Does the description disclose side effects, auth requirements, rate limits, or destructive behavior?

No annotations are present, so the description carries the full burden. It does not disclose behavioral traits such as idempotency, permissions required, side effects, or return values. The description is minimally transparent beyond the action itself.

Agents need to know what a tool does to the world before calling it. Descriptions should go beyond structured annotations to explain consequences.

Conciseness4/5

Is the description appropriately sized, front-loaded, and free of redundancy?

The description is extremely concise at only two words, which efficiently conveys the core purpose. However, it lacks any structure (e.g., bullet points) and could benefit from a bit more context without sacrificing brevity.

Shorter descriptions cost fewer tokens and are easier for agents to parse. Every sentence should earn its place.

Completeness2/5

Given the tool's complexity, does the description cover enough for an agent to succeed on first attempt?

Given the complexity of the domain with many sibling tools, the description lacks completeness. It does not explain how to obtain experimentId, constraints on newName, or what the tool returns. No output schema compensates.

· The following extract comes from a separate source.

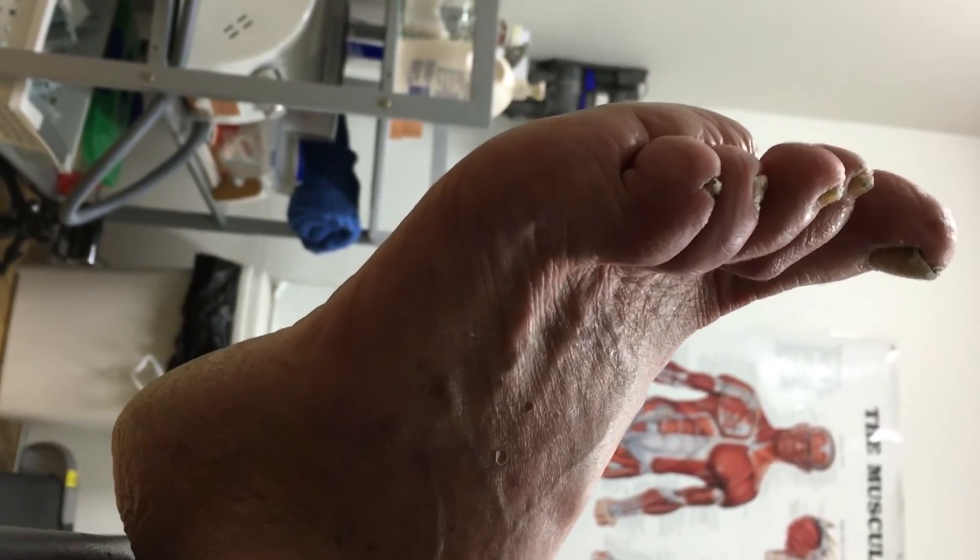The problem we usually face with clawed or retracting toes is that they rub or cause friction on the dorsal aspect of the toes. This leads to corns, calluses, and ulcers.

Complex tools with many parameters or behaviors need more documentation. Simple tools need less. This dimension scales expectations accordingly.

Parameters3/5

Does the description clarify parameter syntax, constraints, interactions, or defaults beyond what the schema provides?

The input schema already describes both parameters (experimentId and newName) with 100% coverage. The description adds no additional meaning beyond the schema, so baseline 3 is appropriate.

Input schemas describe structure but not intent. Descriptions should explain non-obvious parameter relationships and valid value ranges.

Purpose4/5

Does the description clearly state what the tool does and how it differs from similar tools?

The description states 'Rename an experiment,' which clearly indicates the action on a specific resource. It distinguishes from sibling tools like create-experiment, delete-experiment, and set-experiment-tag, though it could explicitly state that only renaming is supported.

Agents choose between tools based on descriptions. A clear purpose with a specific verb and resource helps agents select the right tool.

Usage Guidelines2/5

Does the description explain when to use this tool, when not to, or what alternatives exist?

No guidance is provided on when to use this tool versus alternatives. For example, it doesn't mention prerequisites (e.g., experiment existence) or when to use other tools like set-experiment-tag for updates. The agent must infer from the schema and name.

Agents often have multiple tools that could apply. Explicit usage guidance like "use X instead of Y when Z" prevents misuse.